WHO Priority Pathogens (Critical)
A. baumannii, P. aeruginosa, ESBL-producing Enterobacteriaceae—require urgent new antibiotics.
Teixobactin
Novel antibiotic in development targeting lipid II; potential to combat Gram-positive resistance.
Horizontal Gene Transfer
Movement of genetic material between organisms via transformation, transduction, or conjugation.
Vertical Gene Transfer
Transmission of genetic material from parent to offspring during replication.
Proton Motive Force
Energy source powering many bacterial efflux pumps that expel antibiotics.
Selective Permeability (cell membrane)
Property allowing selective entry/exit of substances; disrupted by polymyxins.
Lipopolysaccharide (LPS)
Component of Gram-negative outer membrane targeted by polymyxins.
Porin
Outer-membrane channel protein; mutations can reduce antibiotic uptake, conferring resistance.
Folic Acid Synthesis Pathway
Metabolic route blocked by sulfonamides (PABA analogs) and trimethoprim.
DNA Gyrase
Topoisomerase II enzyme targeted by quinolones in Gram-negative bacteria.
Topoisomerase IV
Enzyme targeted by quinolones in Gram-positive bacteria to decatenate replicated DNA.
Ribosomal 30S Subunit
Target of aminoglycosides and tetracyclines.
Ribosomal 50S Subunit
Target of macrolides, lincosamides, chloramphenicol, streptogramins.

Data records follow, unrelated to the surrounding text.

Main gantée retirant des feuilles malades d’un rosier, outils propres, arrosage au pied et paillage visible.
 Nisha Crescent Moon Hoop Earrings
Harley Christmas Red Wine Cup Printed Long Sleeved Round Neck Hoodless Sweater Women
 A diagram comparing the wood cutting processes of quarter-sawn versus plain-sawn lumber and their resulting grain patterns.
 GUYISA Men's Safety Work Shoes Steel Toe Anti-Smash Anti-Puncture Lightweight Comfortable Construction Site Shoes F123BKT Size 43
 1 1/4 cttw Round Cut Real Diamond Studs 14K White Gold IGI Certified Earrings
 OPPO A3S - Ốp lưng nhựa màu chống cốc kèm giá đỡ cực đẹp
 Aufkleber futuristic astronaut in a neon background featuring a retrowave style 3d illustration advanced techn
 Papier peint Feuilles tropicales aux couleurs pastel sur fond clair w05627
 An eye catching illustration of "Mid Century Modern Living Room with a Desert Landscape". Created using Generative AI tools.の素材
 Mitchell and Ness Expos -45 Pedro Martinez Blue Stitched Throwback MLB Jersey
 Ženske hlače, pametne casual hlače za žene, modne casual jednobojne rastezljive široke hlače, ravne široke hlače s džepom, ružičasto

High-Priority Veterinary Use
Mass prophylaxis or growth promotion with antibiotics leading to AMR in zoonotic pathogens.
β-Lactam Ring
Four-membered lactam core essential for activity of β-lactam antibiotics.
Cell-Wall Active Agents
Antibiotics that inhibit peptidoglycan synthesis; generally bactericidal and time-dependent.
Polypeptide Antibiotics
Class including bacitracin and polymyxins; disrupt cell wall or membrane integrity.
Actinomycetes
Soil bacteria (e.g., Streptomyces spp.) producing many natural antibiotics.
Salvarsan
Early antimicrobial (arsenical) used to treat syphilis before modern antibiotics.
Antibiotic Spectrum
Range of bacterial species susceptible to an antibiotic.
Post-Antibiotic Era
Scenario where common infections become untreatable due to widespread resistance.
Antibiotic Stewardship Action
Promote responsible prescribing, infection control, surveillance, and new drug development.
Alternative Therapies (examples)
Phage therapy, antimicrobial peptides, probiotics, CRISPR-based antimicrobials, anti-virulence drugs.